Work to complete: Pictures in the material below are to be left out, and only the lines from the line with "Un bărbat a" up to and including the line with "鵝公髻山與鵝公髻東北峰" are to be written out exactly.

Data supplied:
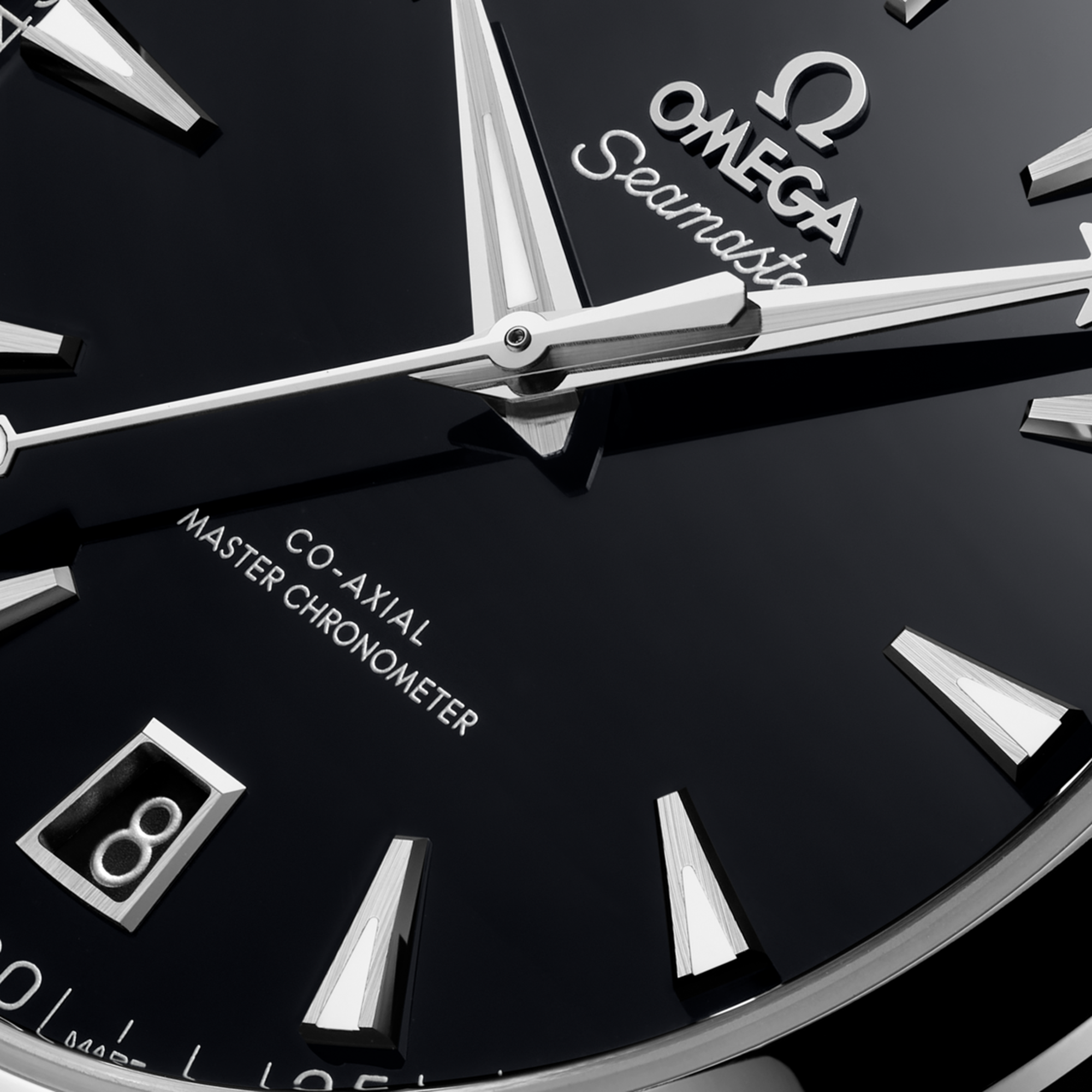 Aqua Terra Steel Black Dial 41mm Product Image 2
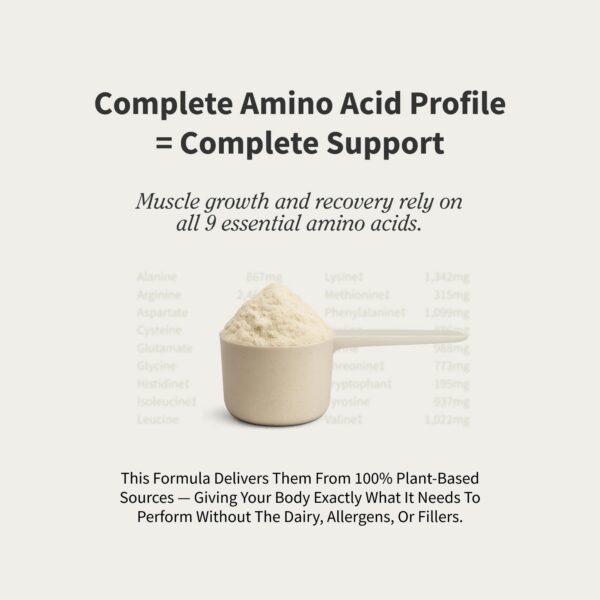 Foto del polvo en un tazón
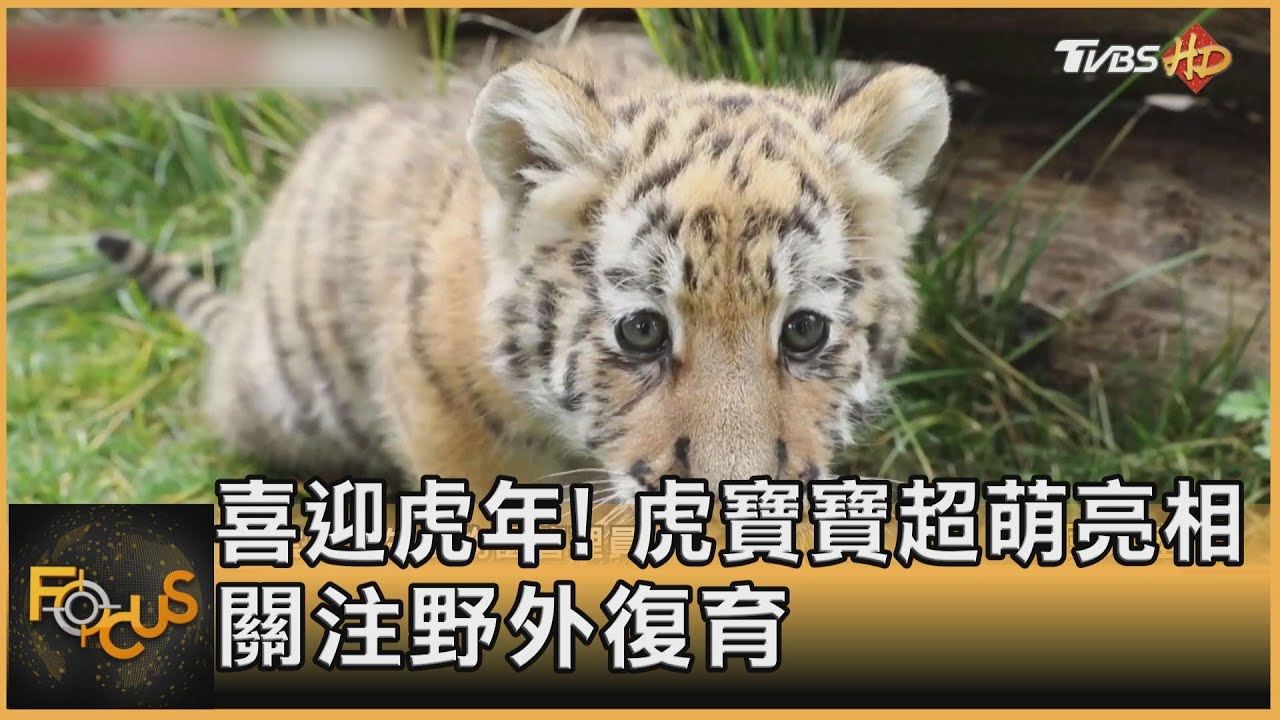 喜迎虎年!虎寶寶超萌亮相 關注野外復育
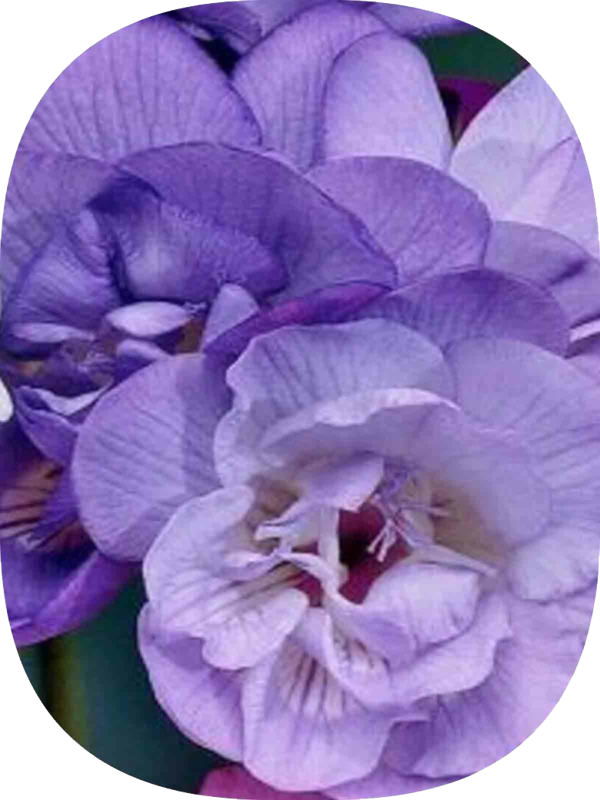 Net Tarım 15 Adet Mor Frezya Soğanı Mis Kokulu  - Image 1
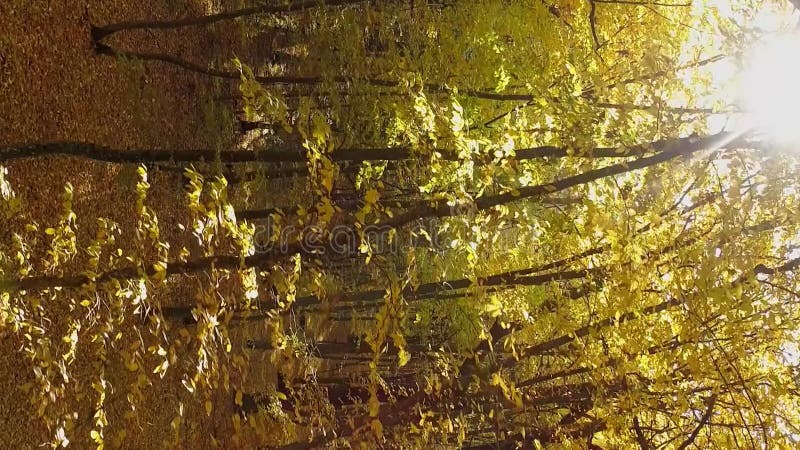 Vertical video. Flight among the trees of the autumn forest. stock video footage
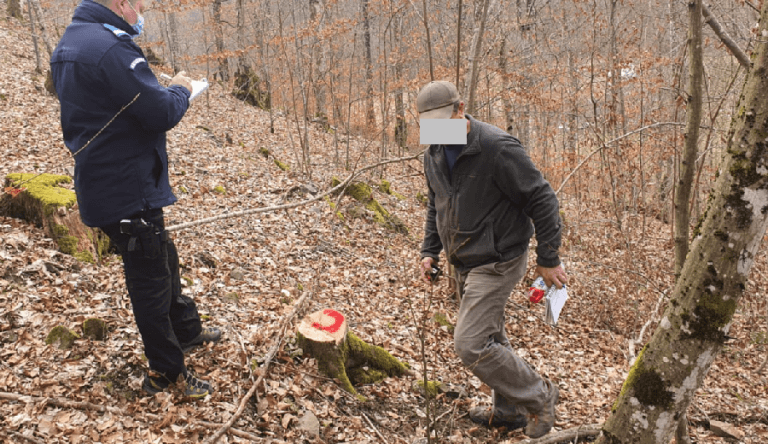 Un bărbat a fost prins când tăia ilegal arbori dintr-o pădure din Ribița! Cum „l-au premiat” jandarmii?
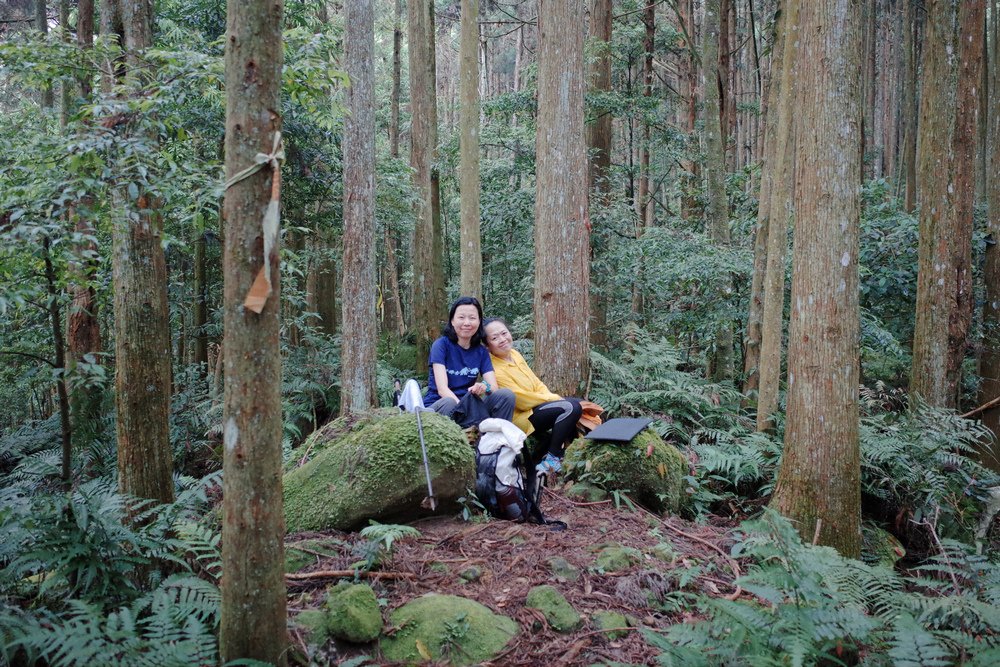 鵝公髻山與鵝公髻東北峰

--

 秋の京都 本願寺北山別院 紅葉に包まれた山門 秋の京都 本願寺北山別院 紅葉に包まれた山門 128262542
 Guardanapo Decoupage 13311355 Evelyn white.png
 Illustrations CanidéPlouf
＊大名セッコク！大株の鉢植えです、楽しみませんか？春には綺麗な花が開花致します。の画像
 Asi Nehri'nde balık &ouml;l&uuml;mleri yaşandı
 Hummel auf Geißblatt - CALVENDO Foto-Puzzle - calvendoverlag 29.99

Exercise solution:
 Un bărbat a fost prins când tăia ilegal arbori dintr-o pădure din Ribița! Cum „l-au premiat” jandarmii?
 鵝公髻山與鵝公髻東北峰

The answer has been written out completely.